三十五歳のときに運命の人、宮崎龍介と出会う。
そして、ある計画を実行する。
「私は今あなたの妻として最後の手紙を差し上げます。」
朝日新聞の朝刊には、
白蓮から伊藤伝右衛門への絶縁状が掲載された。
全国版の三行半とは、恐ろしい。
魔性の女たち/シンプソン夫人
イギリス国王エドワード八世が心を奪われたのは、
平民で二度の離婚歴があるシンプソン夫人だった。
彼女が持っていたのは、
つつましやかな物腰と美貌、
そして大いなる野心。
若いうちから空軍将校や外交官を相手に
数々の恋愛沙汰を引き起こし、
ついにはイギリス王室へまで食い込んでいく。
「どうか、わかってほしい。
私が愛する女性の助力も支えもなしに、
王位を全うすることはできないのです」
エドワード八世は、ラジオ放送でこの言葉を残し
わずか十ヶ月あまりの在位で
イギリス国民に別れを告げた。
王位を捨てさせた女と、
全てを捨ててしまった男。
その夢の果てとは。
晩年は、退屈で単調な毎日だったそうだ。
魔性の女たち/マリア・ルイザ
無類に人がよく、平和ボケした亭主のもとでは、
女は悪妻になりやすいのか。
スペイン王妃マリア・ルイザは
国王との間に十一人の子をもうけながら、
男漁りを繰り返した。
そして二十一歳の美青年、ゴドイと出会う。
凡庸な国王、カルロス四世。
その王妃、マリア・ルイス。
そして、若く野心に溢れたゴドイ。
マリアの世界には、この三人しかいなかった。
「私たちの関係は完璧そのもので、地上における三位一体なのです」
やがてフランス革命が、小さな楽園を崩していく。
魔性の女たち/阿部定
阿部定は、かの有名な猟奇事件のあとに
こんな言葉を残している。
「私のやったことは男に惚れぬいた女ならば、
世間によくあることです。
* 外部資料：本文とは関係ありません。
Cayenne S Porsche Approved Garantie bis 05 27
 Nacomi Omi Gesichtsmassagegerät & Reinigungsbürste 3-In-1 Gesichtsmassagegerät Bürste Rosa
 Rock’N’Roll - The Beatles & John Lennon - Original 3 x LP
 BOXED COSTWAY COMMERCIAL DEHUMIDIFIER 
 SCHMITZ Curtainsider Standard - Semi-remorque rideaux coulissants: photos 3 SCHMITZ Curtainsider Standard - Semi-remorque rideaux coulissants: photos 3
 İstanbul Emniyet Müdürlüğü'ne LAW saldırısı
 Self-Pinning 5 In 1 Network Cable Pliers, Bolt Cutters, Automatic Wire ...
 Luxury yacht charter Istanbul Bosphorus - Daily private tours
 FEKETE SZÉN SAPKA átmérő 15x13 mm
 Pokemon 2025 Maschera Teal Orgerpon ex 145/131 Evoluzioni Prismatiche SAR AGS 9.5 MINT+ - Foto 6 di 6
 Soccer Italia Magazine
ただ、しないだけです」
横浜の置屋に売られ、
娼婦となり全国を転々として
ようやく見つけたひとつの愛。
それを誰も笑うことなんてできない。
魔性の女たち/マタ・ハリ
オランダの片田舎で生まれた少女は、
黒々とした髪とエキゾチックな瞳を持っていた。
19歳で結婚しジャワ島に移り、
離婚してパリに戻ってくると
その女は妖艶なダンサーに生まれ変わる。
名前は暁の太陽を意味する、マタ・ハリ。
美しい娘の魅惑的な踊りは、すぐに話題になった。
1917年、第一次世界大戦のさ中、
イギリス海軍の諜報機関は、マタ・ハリがスパイであることをつきとめる。
コードネーム、諜報員H21。
本当にスパイ活動をしたのかどうか、その確証はない。
ただ、情事を重ねた相手が軍人ばかりだったのが
彼女を不利な立場に追いやった。
マタ・ハリが処刑されるとき、いくつかのエピソードが残っている。
あまりの美しさで、兵士が銃の引き金を引くことができなかった。
銃殺隊に投げキッスを贈った、など。
どれもこれも、美しすぎるスパイが生んだ
尾ひれのついた伝説にすぎない。